Data excerpt -
*** Begin section ***

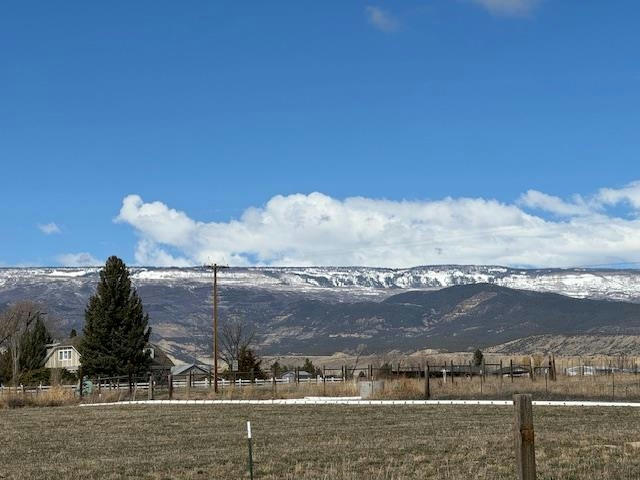 21030 NORTH RD, ECKERT, CO 81418, photo 1 of 21
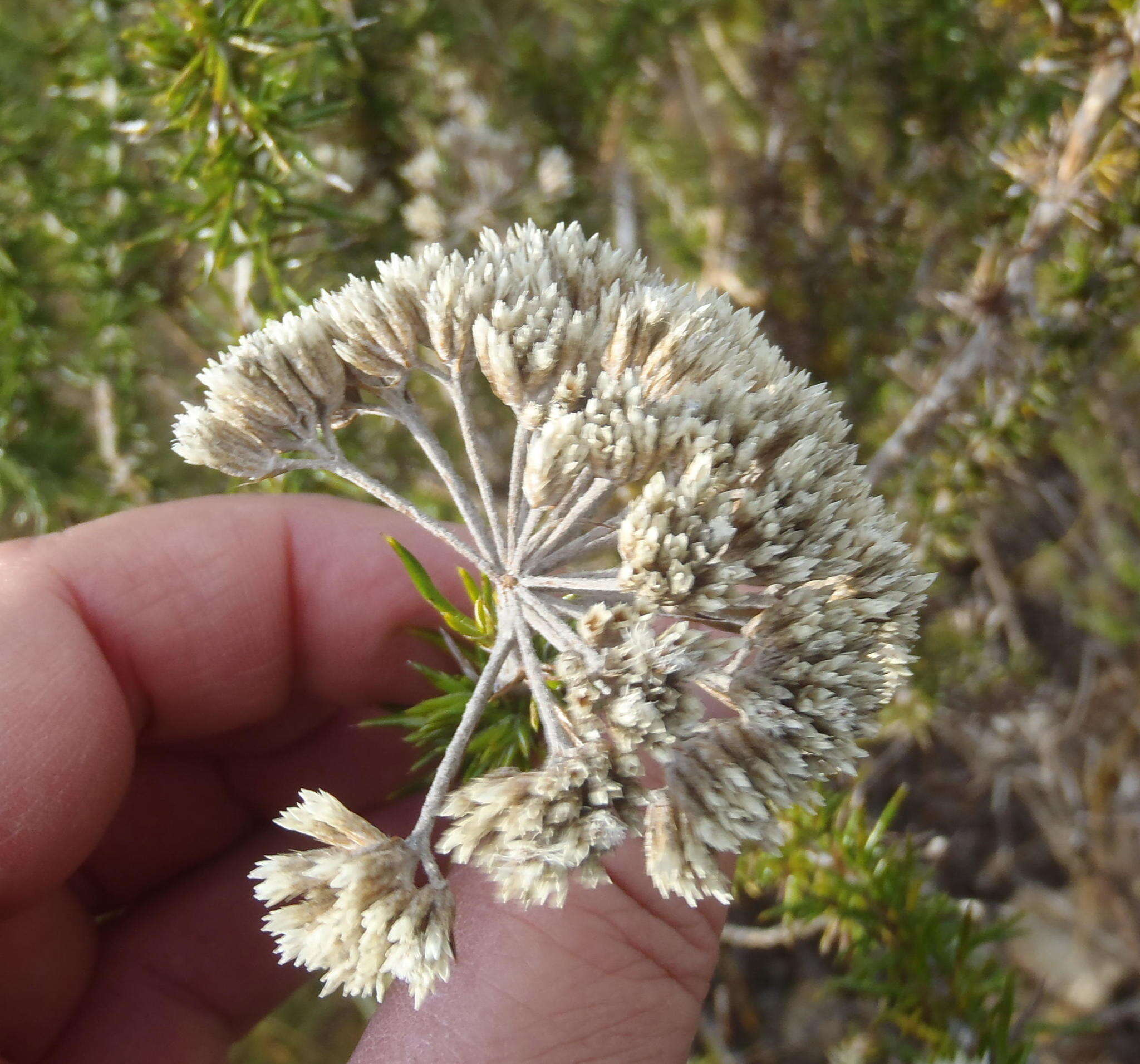 Image of Pointy Blombush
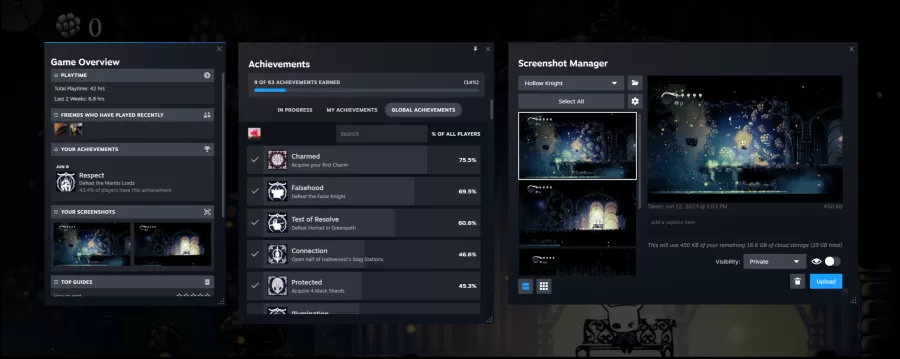 Steam Screenshot 5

*** End section ***

What is needed - Set down all of the material word for word, minus its pictures.

Solution -
 21030 NORTH RD, ECKERT, CO 81418, photo 1 of 21
 Image of Pointy Blombush
 Steam Screenshot 5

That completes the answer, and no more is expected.